There is, however, a much more disquieting prospect at work here: the proximity (of the tortured subject) which causes sympathy and makes torture unacceptable is not his mere physical proximity, but, at its most fundamental, the proximity of the Neighbor, with all the Judeo-Christian-Freudian weight of this term, the proximity of the Thing which, no matter how far away it is physically, is always by definition “too close.” What Harris is aiming at with his imagined “truth pill” is nothing less than the abolition of the dimension of the Neighbor. The tortured subject is no longer a Neighbor, but an object whose pain is neutralized, reduced to a property that has to be dealt with in a rational utilitarian calculus (so much pain is tolerable if it prevents a much greater amount of pain). What disappears here is the abyss of the infinity that pertains to a subject. It is thus significant that the book which argues for torture is also a book entitled The End of Faith—not in the obvious sense of “You see, it is only our belief in God, the divine injunction to love your neighbor, that ultimately prevents us from torturing people!” but in a much more radical sense. Another subject (and, ultimately, the subject as such) is for Lacan not something directly given, but a “presupposition,” something presumed, an object of belief—how can I ever be sure that what I see in front of me is another subject, not a biological machine lacking any depth?
There is, however, a popular and seemingly convincing reply to those who worry about the recent US practice of torturing suspected terrorist prisoners. It is: “What’s all the fuss about? The US are now only (half) openly admitting what not only they were doing all the time, but what all other states are and were doing all the time—if anything, we have less hypocrisy now . . .” To this, one should retort with a simple counter-question: “If the senior representatives of the US mean only this, why, then, are they telling us this? Why don’t they just silently go on doing it, as they did up until now?” That is to say, what is proper to human speech is the irreducible gap between the enunciated content and its act of enunciation: “You say this, but why are you telling me it openly now?” Let us imagine a wife and husband who coexist with a tacit agreement that they can lead discreet extra-marital affairs; if, all of a sudden, the husband openly tells his wife about an ongoing affair, she will have good reason to be in panic: “If it is just an affair, why are you telling me this? It must be something more!”50 The act of publicly reporting on something is never neutral, it affects the reported content itself.

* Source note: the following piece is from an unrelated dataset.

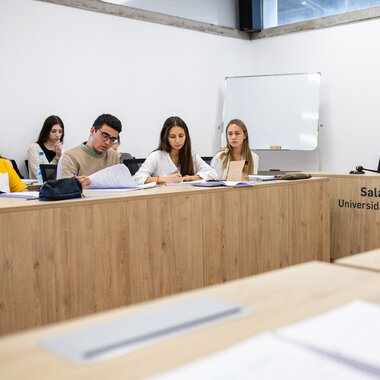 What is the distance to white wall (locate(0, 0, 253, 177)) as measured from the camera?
5.18 meters

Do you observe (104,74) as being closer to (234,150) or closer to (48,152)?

And the same goes for the recent open admission of torture: in November 2005, Vice-President Dick Cheney said that defeating terrorists meant that “we also have to work . . . sort of the dark side . . . A lot of what needs to be done here will have to be done quietly, without any discussion”—was he not talking like a reborn Kurtz? So when we hear people like Dick Cheney making their obscene statements about the necessity of torture, we should ask them: “If you just want to torture secretly some suspected terrorists, then why are you saying it publicly?” That is to say, the question to be raised is: what more is there hiding in this statement that made the speaker enunciate it?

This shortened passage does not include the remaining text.